Your goal:
Set down the data below word for word, and leave the images aside.

Dataset extract:
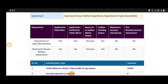Hi everyone, welcome back to my YouTube channel SSB Scholarship Update. I am going to show you how to get this scholarship. If you want to subscribe to the channel, please like this channel. I am going to show you how to get the main SSB scholarship.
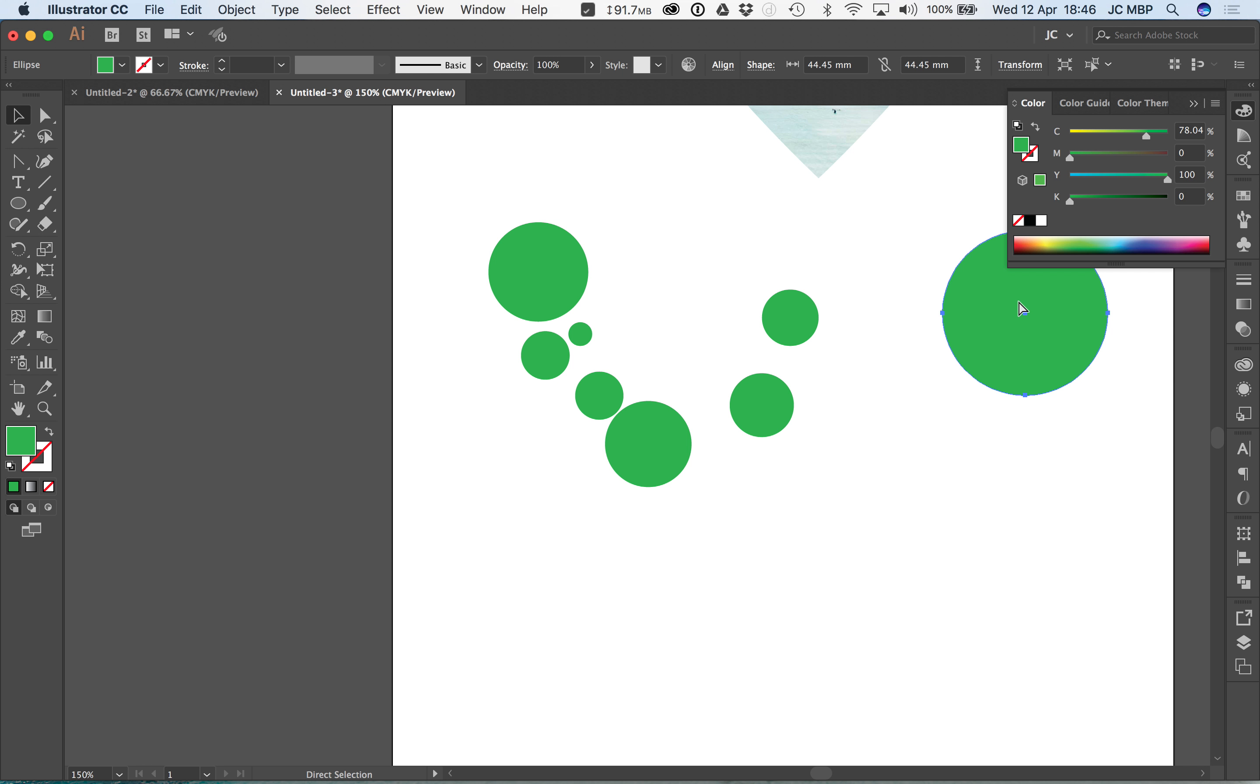Ungroup is shift command G. Let's say I've got the star tool. I want to create this. Let me give this a different colour. Selecting it, right clicking, make clipping mask, awesome.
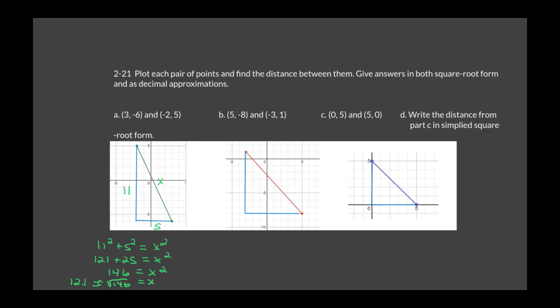For part B: the height is 9 and the base is 8. So 9 squared plus 8 squared: 81 plus 64 equals 145 equals X squared. X equals the square root of 145, which is approximately 12 — but not exactly 12, since that would be the square root of 144.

Answer section:
Hi everyone, welcome back to my YouTube channel SSB Scholarship Update. I am going to show you how to get this scholarship. If you want to subscribe to the channel, please like this channel. I am going to show you how to get the main SSB scholarship.
Ungroup is shift command G. Let's say I've got the star tool. I want to create this. Let me give this a different colour. Selecting it, right clicking, make clipping mask, awesome.
For part B: the height is 9 and the base is 8. So 9 squared plus 8 squared: 81 plus 64 equals 145 equals X squared. X equals the square root of 145, which is approximately 12 — but not exactly 12, since that would be the square root of 144.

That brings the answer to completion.